England had laboured to create openings, despite the promptings of Owen Farrell who mixed up his game from the outset, but here was the opportunity to extend their lead to 13 points, wake up the crowd and leave Wales with it all to do.
England failed to react. No one took charge, Wales helped themselves to the ball and won a penalty. Having failed to score a try in Cardiff the previous week, England offered no threat until, with three players in the sin-bin, they kicked a penalty to touch and rolled a maul over the line to seize the momentum.
Steve Borthwick said afterwards it was a victory for spirit and character, which it was. But had Wales had any sort of a lineout, it would not have been enough. “I did not feel they put us under a huge amount of pressure from an attacking perspective,” said Wales’s head coach Warren Gatland. “We shot ourselves in the foot.”
Borthwick made the point afterwards that moulding an attack took longer than shaping a defence or calibrating the set-pieces. Eddie Jones used to say the same, but it is one thing to execute moves and another to improvise and react off the cuff.

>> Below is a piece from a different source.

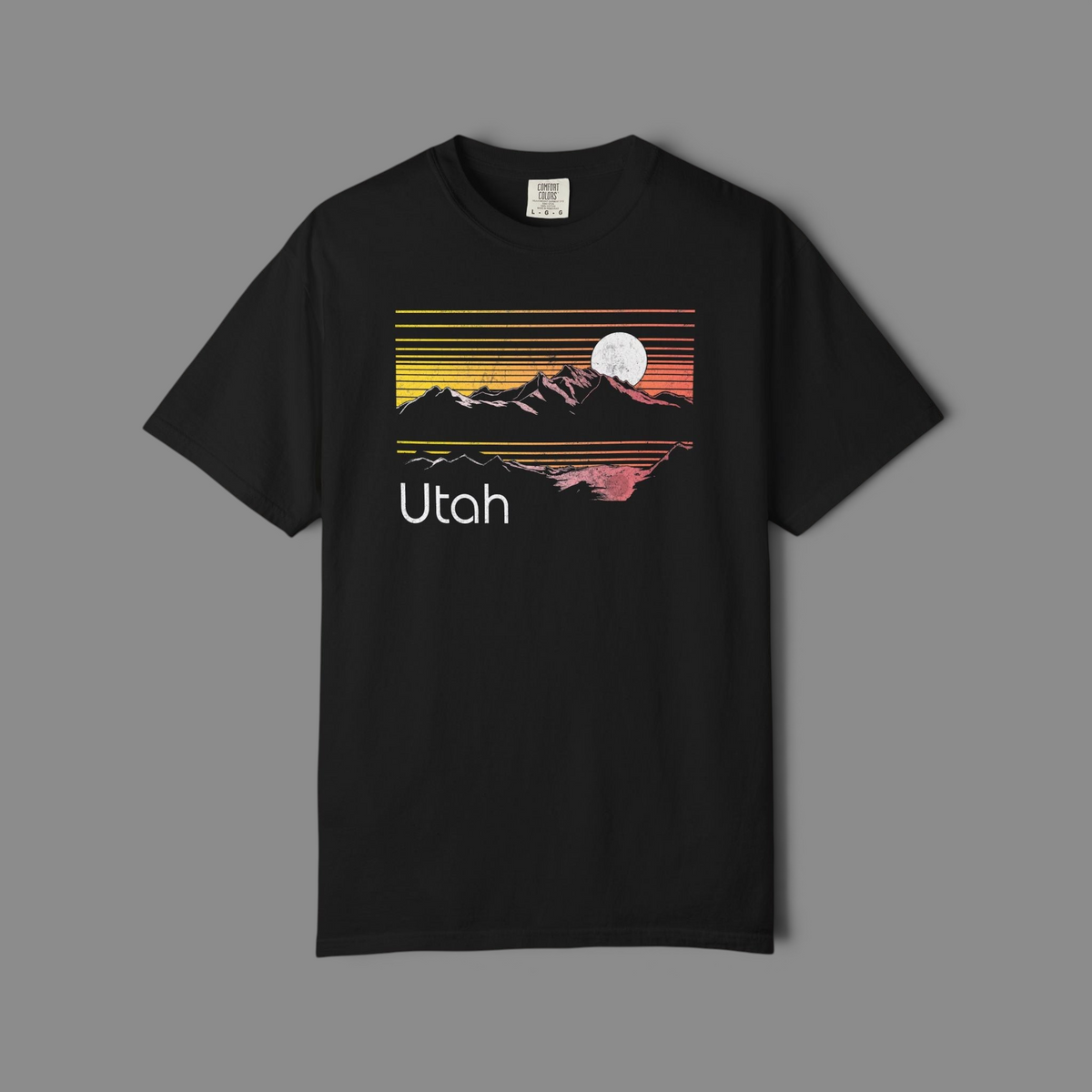 KILLER RETRO black heavyweight cotton t-shirt featuring a vintage Utah sunset and mountain graphic with a full moon.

England have for too long been a team comfortable in structure but horribly slow to react as if programmed to the point where instinct is expelled. They were at their most effective in the final 15 minutes when confronted by adversity with captain Farrell waiting for his yellow card to be upgraded to a red for a high tackle on Taine Basham that may see him banned for the first two matches of the World Cup.